All’altro capo del filo, Sid Jamieson brontolò contro il disturbatore inopportuno.

— È proprio tanto importante? — si lamentò. — Sono in camera oscura e sto facendo un lavoro per il vecchio. A ogni modo devo aspettare che queste lastre si asciughino.

— Quanto ci vorrà?

— Oh, circa cinque minuti. Ma poi ho altre cose da fare.

— Io credo che sia davvero importante. Basta un minuto. Sono su, a Strumentazione Cinque.

Jamieson stava ancora asciugandosi le mani quando entrò. Benché fossero passati trecento anni dalla sua invenzione, la fotografia era rimasta sotto molti aspetti immutata. Wheeler, per il quale tutto doveva effettuarsi elettronicamente, considerava molte delle attività dell’amico come relitti dell’era dell’alchimia.

— Allora? — disse Jamieson, parco di parole come suo solito.

Wheeler additò la strisciolina di carta forata sulla sua scrivania.

— Stavo eseguendo il normale controllo dell’integratore di grandezza, quando è saltato fuori qualche cosa.

— Sempre così! — commentò Jamieson. — Qui all’Osservatorio c’è sempre qualcuno convinto di aver scoperto un pianeta nuovo.

Lo scetticismo di Jamieson era giustificabile. L’integratore era uno strumento ingannevole, che si poteva facilmente fraintendere e che molti astronomi consideravano più fastidioso che utile. Ma si trattava di uno degli strumenti prediletti del direttore, e perciò non c’era speranza di eliminarlo finché non ci fossero stati cambiamenti nell’amministrazione. Maclaurin stesso l’aveva creato, ai tempi in cui poteva ancora dedicarsi all’astronomia pratica. Era un guardiano automatico del cielo, capace di aspettare pazientemente anni e anni che una nuova stella — una nova — esplodesse nello spazio. Allora avrebbe suonato il campanello per attirare l’attenzione.

— Guarda — fece Wheeler — lì c’è la registrazione.

Jamieson inserì la strisciolina nel convertitore, copiò le cifre ed eseguì un rapido calcolo.
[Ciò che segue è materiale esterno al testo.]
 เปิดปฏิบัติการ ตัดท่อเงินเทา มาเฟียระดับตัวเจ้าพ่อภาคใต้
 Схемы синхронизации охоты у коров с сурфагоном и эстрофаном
Wheeler ebbe un sorriso di soddisfazione notando che l’amico spalancava la bocca.

— Tredici grandezze in ventiquattr’ore! Incredibile!
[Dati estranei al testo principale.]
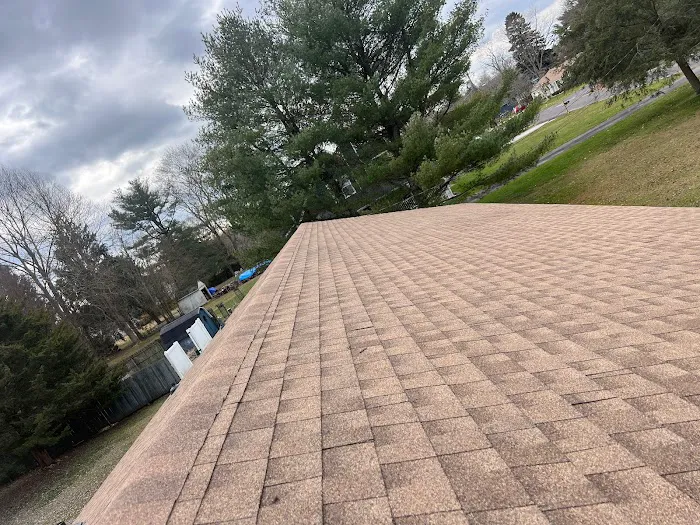 S&P Roofing and Construction pros Picture 5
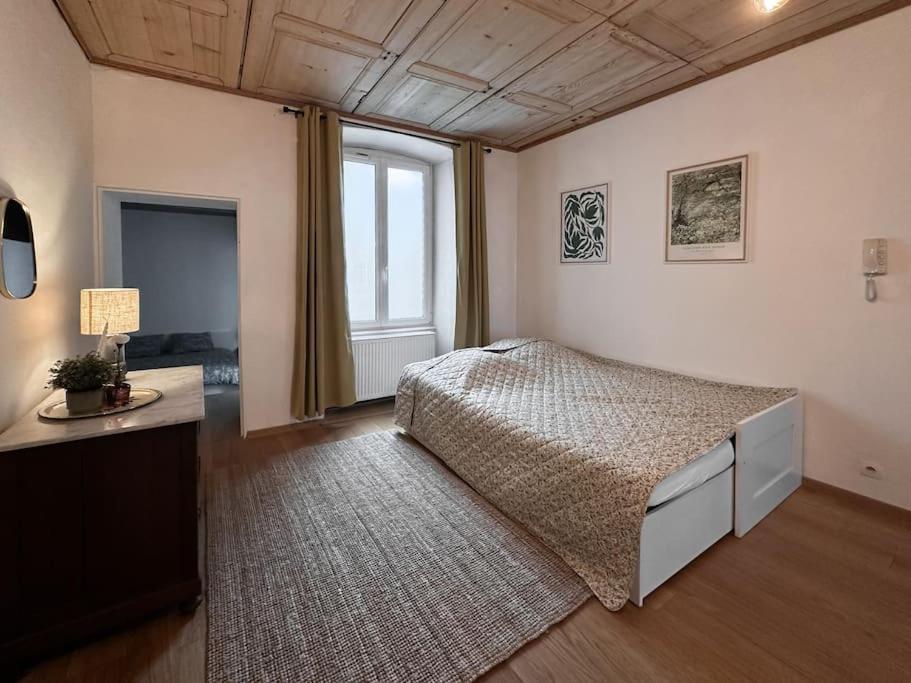 Hypercentre 80M2, A Deux Pas Du Chateau Des Rohan サヴェルヌ エクステリア 写真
— Io ho calcolato tredici virgola quattro, ma è abbastanza anche così. Per conto mio è una supernova. E vicina, anche.

I due giovani astronomi si guardarono in silenzio, pensosi. Poi Jamieson disse: — Troppo bello per essere vero. Non andarlo a raccontare in giro finché non ne saremo sicuri. Esaminiamo prima lo spettro, e fino ad allora trattiamola come una nova normale.
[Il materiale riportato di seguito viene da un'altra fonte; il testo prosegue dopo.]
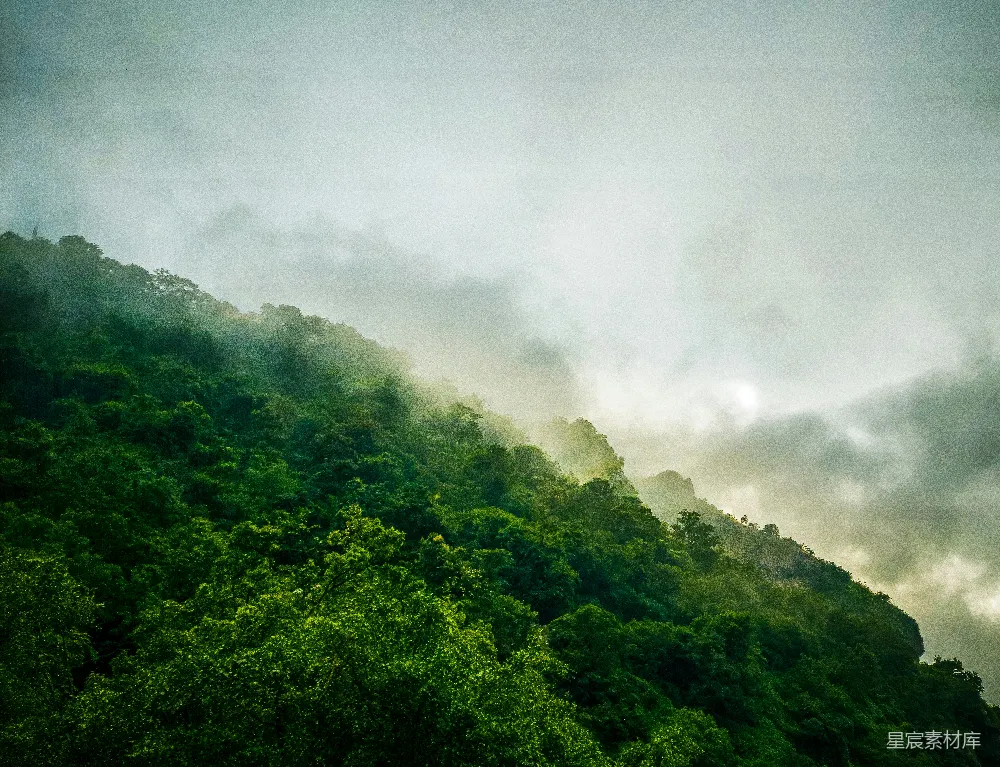 高清摄影 自然风光 山林 清晨 宁静 户外 雾中青山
Wheeler aveva uno sguardo sognante.

— Quando è stata notata l’ultima supernova della nostra galassia?

— Si trattava della stella di Tycho… no, non quella, deve essercene stata un’altra un po’ più tardi, verso il Milleseicento.

— Comunque è passato un bel po’ di tempo. Con questo, dovrei tornare in buona col direttore.

— Può darsi — rispose seccamente Jamieson. — Ci vorrebbe proprio una supernova per rabbonirlo. Vado a preparare lo spettrografo mentre tu stendi il rapporto. Non dobbiamo essere avidi, anche gli altri osservatori vorranno essere messi al corrente. — Guardò l’integratore, che aveva ripreso la sua paziente guardia del cielo. — Credo che tu ti sia guadagnato quel che sei costato — aggiunse — anche se non scoprirai mai più altro se non le luci delle astronavi in navigazione.